The VRAM requirements are from simulations using torch.cuda.set_per_process_memory_fraction(), so it may not be actually reflecting what happens in e.g. a GPU with exactly 5 GB VRAM.

View full answer

R4ZZ3 · 2022-09-21T19:02:18Z

R4ZZ3
Sep 21, 2022

I had no problems running medium size model using 8 GB card (GTX 1070)

0 replies

NLLAPPS · 2022-09-21T19:03:50Z

NLLAPPS
Sep 21, 2022

I am interested I'm in this too. What would be a reasonable time to process 2 minutes of recorded phone conversation? I am testing on Win 11 virtual machine with 4gb ram and host I i9-9900K CPU.

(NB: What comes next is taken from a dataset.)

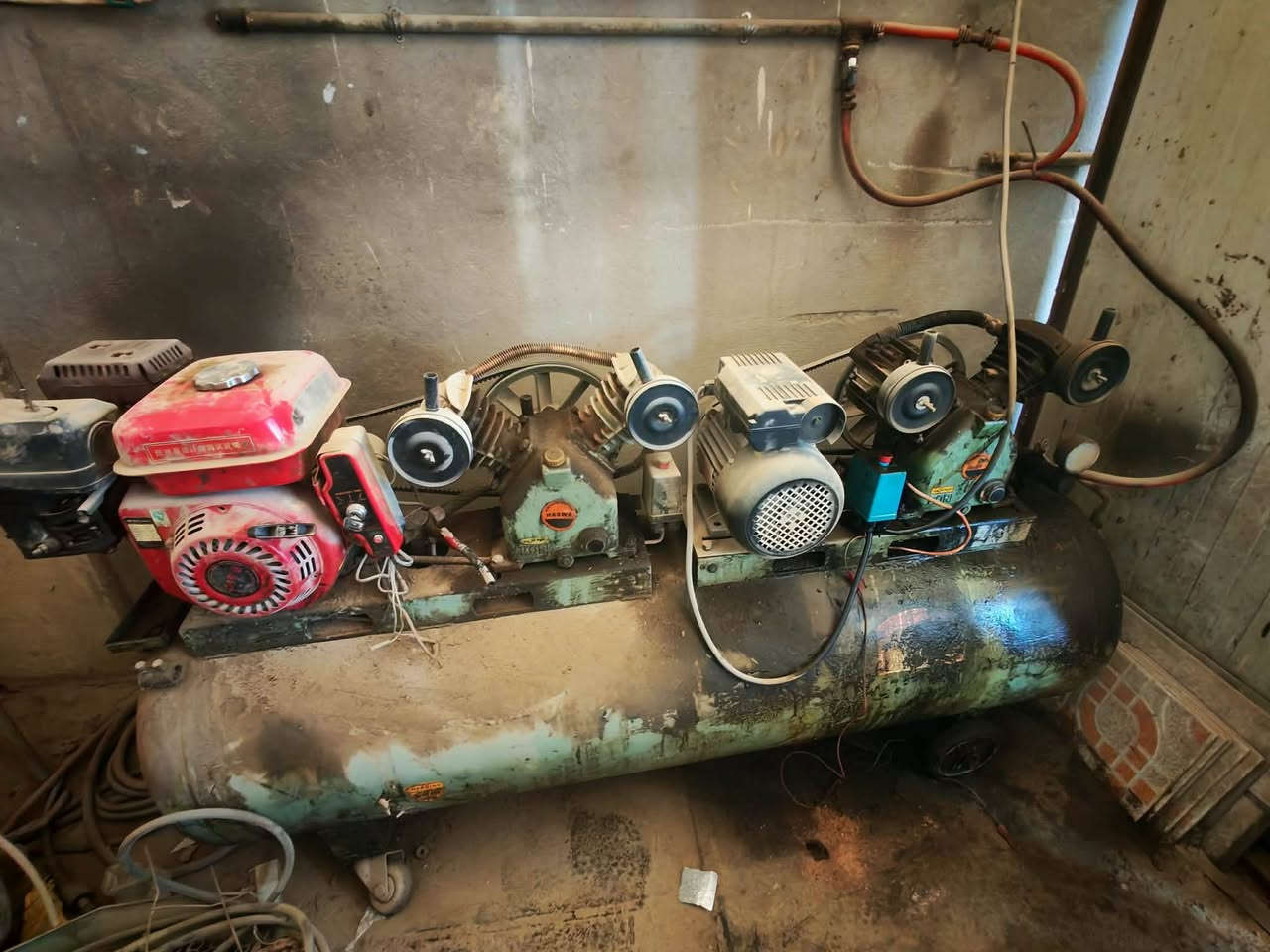 محل بنجر. + دهن للبيع. موقعه. ديوانيه.  محل. سعره 4 مليون.  وتفاصيل. وتساب *********** او متواجد فيس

It takes quite a while to process 2 minutes audio. Medium model throws "not enough memory" error

4 replies

jongwook Sep 21, 2022
Maintainer

I'd highly recommend running the code on a GPU, which will be significantly faster.

DrMemoryFish Sep 28, 2022

@jongwook im a noob at coding, do you mind telling us how one would do this? I've done whisper The-Change-Will-Be-Permanent-If-You-Do-It-Correctly-[QrsSz2ym3Ds].mp3 --model base --device cuda but i get RuntimeError: Attempting to deserialize object on a CUDA device but torch.cuda.is_available() is False. If you are running on a CPU-only machine, please use torch.load with map_location=torch.device('cpu') to map your storages to the CPU. how can one fix this error?

jongwook Sep 28, 2022
Maintainer

@AbdullahJames If you have an NVIDIA GPU on your system, you'll need to reinstall PyTorch to a version that supports CUDA. Select the install command that matches your system. If unsure, the following will likely work:

pip3 install torch torchvision torchaudio --extra-index-url https://download.pytorch.org/whl/cu113

DrMemoryFish Sep 29, 2022

@jongwook ok, i tried pip3 install torch torchvision torchaudio --extra-index-url https://download.pytorch.org/whl/cu113 in the morning, and it worked perfectly fine, the GPU was used 100%. btw thanks for the help...however i came home today and tried the second time and I'm getting this error.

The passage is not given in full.